The humble honeybee may not seem very intelligent at first sight, but recent research has shown that it possesses a surprising degree of sophistication that is not expected in an insect brain.
 
Specifically, the honeybee can understand conceptual relationships such as "same/different" and "above/below" that rely on relationships between objects rather than simply the physical features of objects.
 
In primates, this ability to understand conceptual relationships is attributed to neuronal activity in the prefrontal cortex (PFC). However, honeybees don’t have PFCs.
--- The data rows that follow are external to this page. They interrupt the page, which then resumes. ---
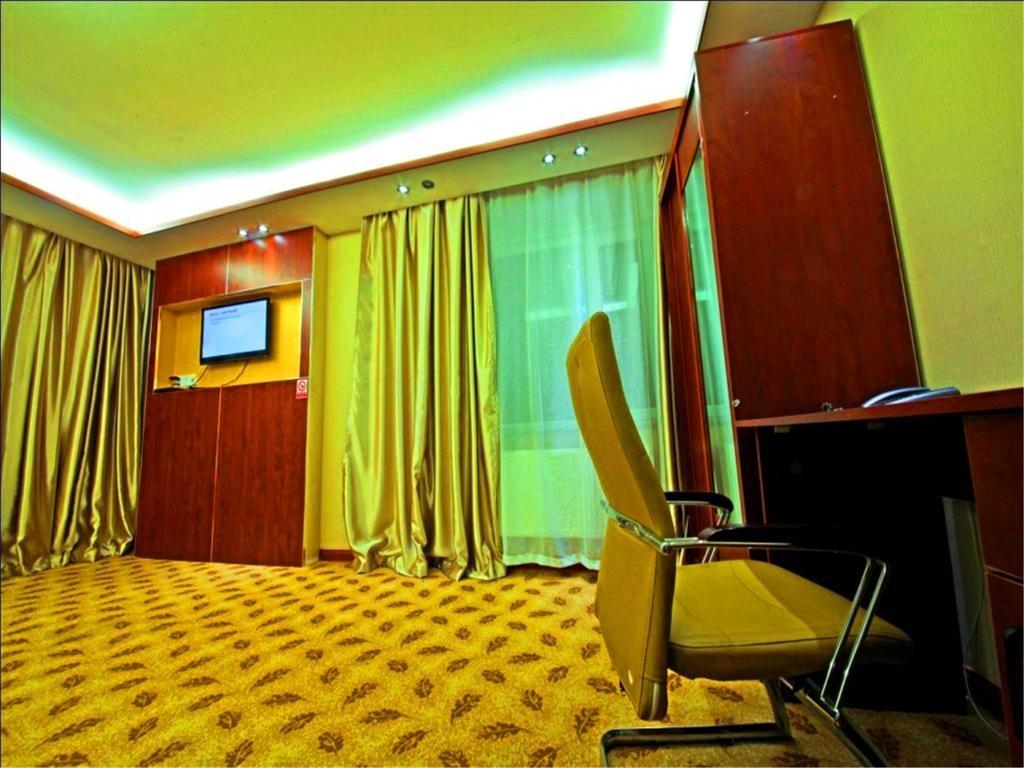 Kaiser Hotel Ulaanbaatar Eksteriør billede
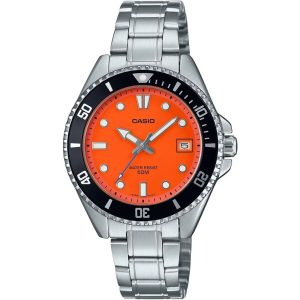 Relógio masculino Casio DIVER 50M (Ø 38,5 mm)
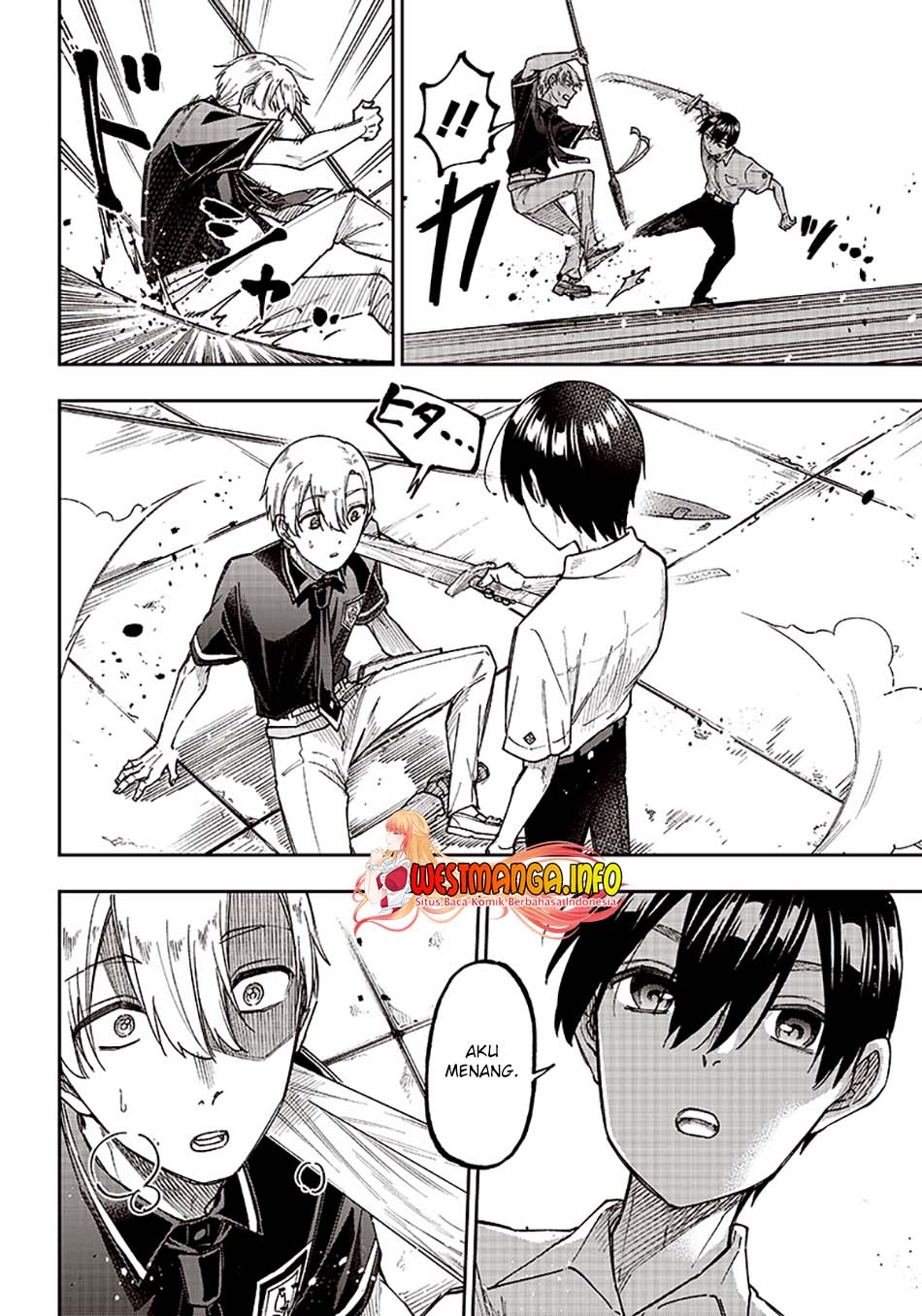 Kyuuseishu MESHIA ~Isekai wo sukutta moto yuusha ga mamono no afureru genjitsu sekai wo musou suru~ Chap 12 - Next Chap 13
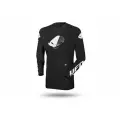 Мотоджерси UFO Plast SLIM RADIAL JERSEY Black L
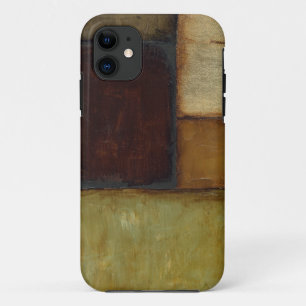 Autumnal Impressionist by Jennifer Goldberger iPhone 11 Case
Their brains are so small and lacking in complex brain structures that scientists have traditionally thought that the ability to understand conceptual relationships was beyond them.
 
Scientists Aurore Avarguès-Weber and Martin Giurfa, both from the University of Toulouse and CNRS in Toulouse, France, have analyzed the implications of the honeybee’s ability to understand conceptual relationships, and have published a paper on the subject in a recent issue of Proceedings of the Royal Society B.
 
"One thing that should be clear from this analysis is that, although it is always a matter of debate what is unique to humans and what to animals, these results show at least something that is not," Giurfa told Phys.org. "While the capacity of conceptual elaboration has been considered (and is still considered) a higher-order capacity proper from primates and other ‘highly-evolved’ animals (the quotes are ironic in this case), the fact that a 950 000-neuron [honeybee] brain can achieve this kind of task shows that the frontier does not reside there.
 
"The obvious question would be then, what brings as advantage a 100-billion-neuron [human] brain? Obviously several advantages can be cited: language, for instance. Consciousness, whose existence is a matter of debate and of investigation in animals. And the idea that human brains have perhaps replicated redundant and modifiable modules to solve problems that small brains solve with single microcircuits at a smaller scale."